- Task prompt -
Go over the records and copy every line with the string "ألعاب".

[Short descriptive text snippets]
──────────

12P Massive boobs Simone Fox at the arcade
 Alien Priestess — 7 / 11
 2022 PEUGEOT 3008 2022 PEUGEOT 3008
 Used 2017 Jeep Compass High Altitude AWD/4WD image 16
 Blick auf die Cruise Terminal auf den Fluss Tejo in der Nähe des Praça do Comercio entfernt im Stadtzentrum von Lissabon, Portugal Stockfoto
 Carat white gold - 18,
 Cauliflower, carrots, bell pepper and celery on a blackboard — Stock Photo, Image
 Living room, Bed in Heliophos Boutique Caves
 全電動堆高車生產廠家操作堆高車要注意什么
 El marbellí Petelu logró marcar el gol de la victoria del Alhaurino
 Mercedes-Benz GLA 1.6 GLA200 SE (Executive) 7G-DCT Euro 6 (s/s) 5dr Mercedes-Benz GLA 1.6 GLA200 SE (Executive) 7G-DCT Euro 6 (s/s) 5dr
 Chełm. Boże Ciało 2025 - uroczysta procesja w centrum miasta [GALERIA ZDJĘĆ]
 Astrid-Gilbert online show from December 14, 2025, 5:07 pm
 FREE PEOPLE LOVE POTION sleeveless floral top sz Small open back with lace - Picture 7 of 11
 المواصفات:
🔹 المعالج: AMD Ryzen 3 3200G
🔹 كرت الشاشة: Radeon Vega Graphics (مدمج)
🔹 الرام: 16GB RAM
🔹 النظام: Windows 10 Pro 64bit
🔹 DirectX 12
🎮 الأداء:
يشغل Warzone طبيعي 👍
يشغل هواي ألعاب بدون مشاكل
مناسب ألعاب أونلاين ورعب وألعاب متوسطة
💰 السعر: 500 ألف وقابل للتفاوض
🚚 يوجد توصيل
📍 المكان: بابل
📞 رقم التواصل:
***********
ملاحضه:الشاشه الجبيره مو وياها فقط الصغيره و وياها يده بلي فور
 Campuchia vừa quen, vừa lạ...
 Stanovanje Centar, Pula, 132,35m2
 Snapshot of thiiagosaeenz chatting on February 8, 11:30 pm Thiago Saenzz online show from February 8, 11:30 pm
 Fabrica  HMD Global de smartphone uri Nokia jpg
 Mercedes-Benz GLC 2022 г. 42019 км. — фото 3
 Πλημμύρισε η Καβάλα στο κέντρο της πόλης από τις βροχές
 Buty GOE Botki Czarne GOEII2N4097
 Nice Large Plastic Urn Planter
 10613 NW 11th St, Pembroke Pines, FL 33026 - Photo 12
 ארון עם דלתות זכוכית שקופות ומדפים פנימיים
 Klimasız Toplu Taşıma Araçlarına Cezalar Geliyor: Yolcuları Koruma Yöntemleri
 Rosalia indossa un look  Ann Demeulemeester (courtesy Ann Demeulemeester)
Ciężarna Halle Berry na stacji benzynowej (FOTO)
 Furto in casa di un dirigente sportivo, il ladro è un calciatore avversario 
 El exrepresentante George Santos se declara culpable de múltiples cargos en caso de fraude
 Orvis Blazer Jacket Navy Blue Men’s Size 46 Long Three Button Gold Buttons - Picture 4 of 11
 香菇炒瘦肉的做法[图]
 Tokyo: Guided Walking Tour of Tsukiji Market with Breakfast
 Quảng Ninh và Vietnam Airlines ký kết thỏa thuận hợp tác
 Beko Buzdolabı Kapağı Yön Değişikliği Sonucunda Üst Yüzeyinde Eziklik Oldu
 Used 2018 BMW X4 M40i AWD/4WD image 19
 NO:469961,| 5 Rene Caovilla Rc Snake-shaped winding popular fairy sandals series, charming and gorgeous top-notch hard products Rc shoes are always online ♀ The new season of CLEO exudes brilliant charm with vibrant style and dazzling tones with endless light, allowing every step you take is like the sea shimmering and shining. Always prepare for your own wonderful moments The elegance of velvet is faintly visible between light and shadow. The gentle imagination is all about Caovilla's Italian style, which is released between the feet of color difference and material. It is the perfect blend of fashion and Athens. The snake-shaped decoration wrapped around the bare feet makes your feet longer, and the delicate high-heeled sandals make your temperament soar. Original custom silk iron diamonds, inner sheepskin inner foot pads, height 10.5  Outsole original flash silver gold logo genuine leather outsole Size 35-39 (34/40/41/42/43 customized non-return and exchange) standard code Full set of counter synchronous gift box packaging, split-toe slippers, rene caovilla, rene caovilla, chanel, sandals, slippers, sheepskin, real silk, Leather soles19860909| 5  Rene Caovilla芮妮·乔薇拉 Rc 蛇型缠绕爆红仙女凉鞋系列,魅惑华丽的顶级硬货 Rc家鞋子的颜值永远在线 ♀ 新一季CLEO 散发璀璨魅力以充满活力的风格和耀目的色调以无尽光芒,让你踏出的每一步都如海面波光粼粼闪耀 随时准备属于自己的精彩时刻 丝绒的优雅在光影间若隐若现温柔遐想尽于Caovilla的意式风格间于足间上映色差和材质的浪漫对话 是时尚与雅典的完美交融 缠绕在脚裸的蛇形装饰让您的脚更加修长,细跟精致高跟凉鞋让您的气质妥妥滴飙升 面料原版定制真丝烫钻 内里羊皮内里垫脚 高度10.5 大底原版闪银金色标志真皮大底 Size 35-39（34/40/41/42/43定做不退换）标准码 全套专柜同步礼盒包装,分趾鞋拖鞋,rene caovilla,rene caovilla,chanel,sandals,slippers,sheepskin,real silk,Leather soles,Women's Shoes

──────────

- Exercise output -
يشغل هواي ألعاب بدون مشاكل
مناسب ألعاب أونلاين ورعب وألعاب متوسطة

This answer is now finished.